------ Records ------
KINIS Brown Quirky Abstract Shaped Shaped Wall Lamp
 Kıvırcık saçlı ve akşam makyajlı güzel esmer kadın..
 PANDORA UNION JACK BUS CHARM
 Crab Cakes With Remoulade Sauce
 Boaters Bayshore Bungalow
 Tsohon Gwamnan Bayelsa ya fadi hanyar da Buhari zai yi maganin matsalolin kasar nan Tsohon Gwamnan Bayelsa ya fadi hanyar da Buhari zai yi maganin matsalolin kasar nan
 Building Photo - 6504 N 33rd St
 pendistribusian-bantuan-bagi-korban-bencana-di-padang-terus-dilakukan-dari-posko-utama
------
- Task statement
Transcribe the material above in full, keeping every word.

- Exercise output
KINIS Brown Quirky Abstract Shaped Shaped Wall Lamp
 Kıvırcık saçlı ve akşam makyajlı güzel esmer kadın..
 PANDORA UNION JACK BUS CHARM
 Crab Cakes With Remoulade Sauce
 Boaters Bayshore Bungalow
 Tsohon Gwamnan Bayelsa ya fadi hanyar da Buhari zai yi maganin matsalolin kasar nan Tsohon Gwamnan Bayelsa ya fadi hanyar da Buhari zai yi maganin matsalolin kasar nan
 Building Photo - 6504 N 33rd St
 pendistribusian-bantuan-bagi-korban-bencana-di-padang-terus-dilakukan-dari-posko-utama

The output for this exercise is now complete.